+++ DATA FOR THE TASK +++

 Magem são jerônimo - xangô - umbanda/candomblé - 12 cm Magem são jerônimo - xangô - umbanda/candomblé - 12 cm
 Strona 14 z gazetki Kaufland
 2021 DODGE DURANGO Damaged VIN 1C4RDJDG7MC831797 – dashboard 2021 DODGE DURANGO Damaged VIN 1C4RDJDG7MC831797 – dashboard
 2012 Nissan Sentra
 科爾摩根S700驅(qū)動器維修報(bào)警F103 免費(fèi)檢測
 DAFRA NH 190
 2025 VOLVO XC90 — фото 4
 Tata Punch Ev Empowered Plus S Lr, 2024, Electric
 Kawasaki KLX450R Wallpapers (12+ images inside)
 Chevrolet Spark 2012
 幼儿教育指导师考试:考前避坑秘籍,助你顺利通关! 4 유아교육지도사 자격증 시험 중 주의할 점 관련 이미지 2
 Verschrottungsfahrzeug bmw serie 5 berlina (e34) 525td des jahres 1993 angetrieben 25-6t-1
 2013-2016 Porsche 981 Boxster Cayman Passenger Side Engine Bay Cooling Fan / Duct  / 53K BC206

+++

* PROBLEM REQUIREMENTS: Restate exactly the lines running from the line with "Chevrolet Spark 2012" to the end of the entries above, both ends included.

* OUTPUT FOR THIS TASK:
 Chevrolet Spark 2012
 幼儿教育指导师考试:考前避坑秘籍,助你顺利通关! 4 유아교육지도사 자격증 시험 중 주의할 점 관련 이미지 2
 Verschrottungsfahrzeug bmw serie 5 berlina (e34) 525td des jahres 1993 angetrieben 25-6t-1
 2013-2016 Porsche 981 Boxster Cayman Passenger Side Engine Bay Cooling Fan / Duct  / 53K BC206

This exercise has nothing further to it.